Elle a vraiment un très gros potentiel. Elle est gauchère, comme je l'étais et je compte bien partager avec elle tous mes trucs.

Toutes les deux ont un très grand sens du travail, donc je suis très heureuse d'être ici. À cause de la pandémie, je ne savais pas quel genre d'installations elles allaient avoir pour s'entraîner et je m'inquiétais qu'elles ne soient pas prêtes physiquement. Mais elles sont toutes les deux arrivées au stage il y a trois semaines dans une forme vraiment décente. Cela me dit qu'elles ont une très bonne éthique de travail et qu'elles sont toutes les deux très fortes mentalement et globalement des très bonnes personnes, ouvertes à l'apprentissage, curieuses. Ce sont les qualités que vous recherchez en tant que sportif. Je me sens donc très chanceuse de travailler avec elles.

Avez-vous des noms de boxeuses que les coréennes devraient surveiller à Tokyo 2020 ?

Je ne veux pas trop me concentrer la dessus. Je préfère me dire que, lorsque je réfléchis à des points d’améliorations pour elles, je les considère comme des adversaires. Et si je boxe contre cette fille, quelle est sa plus grande ouverture ? Quels sont ses défauts ? C'est comme ça que je vois les choses.

La boxe féminine olympique est encore relativement jeune et vous en êtes une pionnière. Quels conseils donneriez-vous à celles qui veulent suivre vos traces ?
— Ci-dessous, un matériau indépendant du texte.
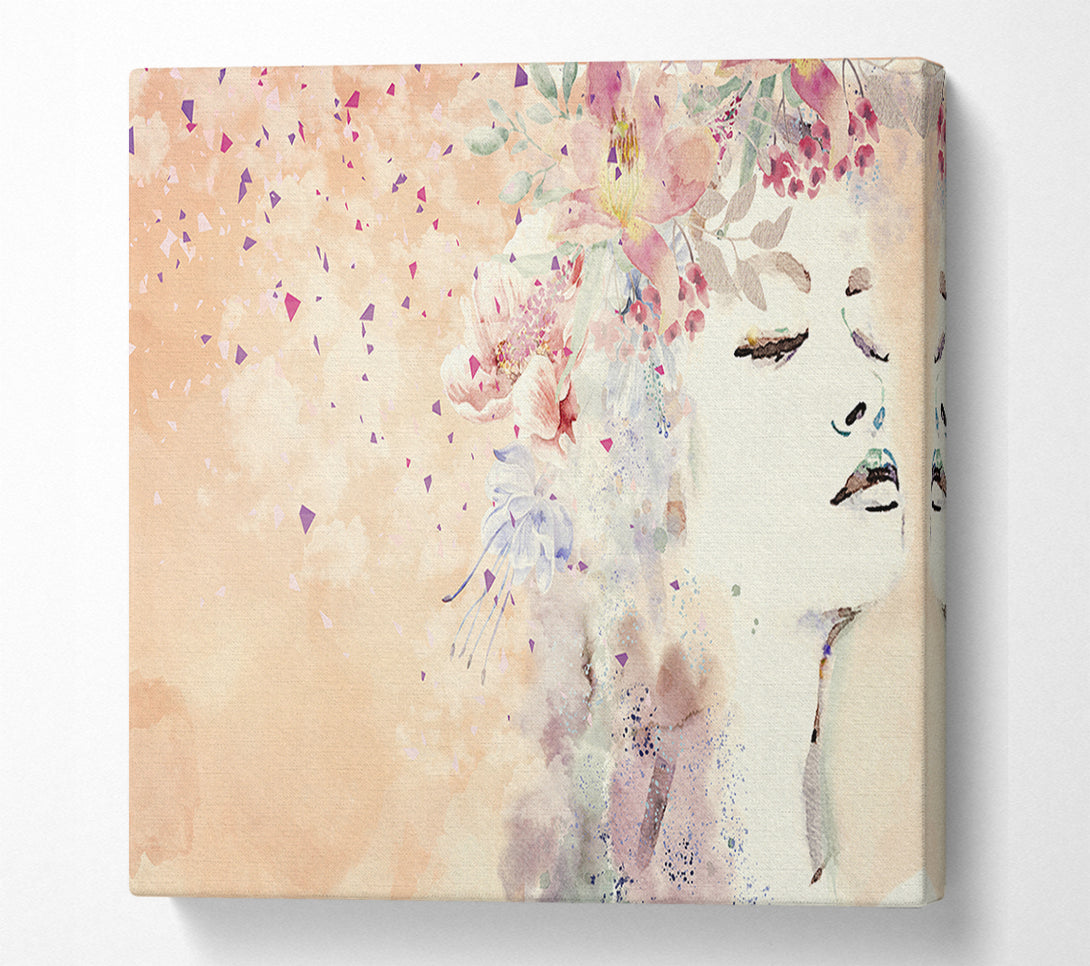  A Canvas Print of Flowers In Her Hair Canvas Print
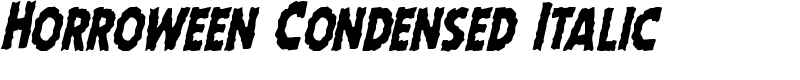 Horroween Condensed Italic Font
La boxe m’a fait vivre des moments très durs et très tristes, mais je ne changerai cela pour rien au monde parce que j’en suis sortie plus forte. Ça sonne comme un cliché « ça rend plus fort » mais c’est vraiment le cas.

Si, pendant les moments difficiles où je n’étais pas satisfaite de mes résultats, on m’avait dit : "Ne t’inquiète pas, sur le long terme, tu seras plus forte", je l’aurai vraiment mal pris. Mais en fait c’est vrai. Quand vous prenez du recul, vous le réalisez et le comprenez.

Et toutes ces belles qualités que vous apprenez à travers le sport comme la résilience, l’optimisme, ce sont des choses qu’on garde pour après. Je me considère très chanceuse d’avoir cette passion.

Donc c’est ce que j’aimerais dire aux jeunes : N’ayez pas peur. Ça fait très cliché mais c’est tellement vrai. Je suis tellement convaincue que si vous avez une passion et que vous êtes prêt à travailler dur pour elle, vous ne pouvez que réussir. Vous êtes capable de tellement de choses. Et si vous n’accomplissez pas le résultat très très spécifique que vous espériez, comme une médaille d’or, au final, tout le trajet que vous avez accompli pour y parvenir en vaut la peine.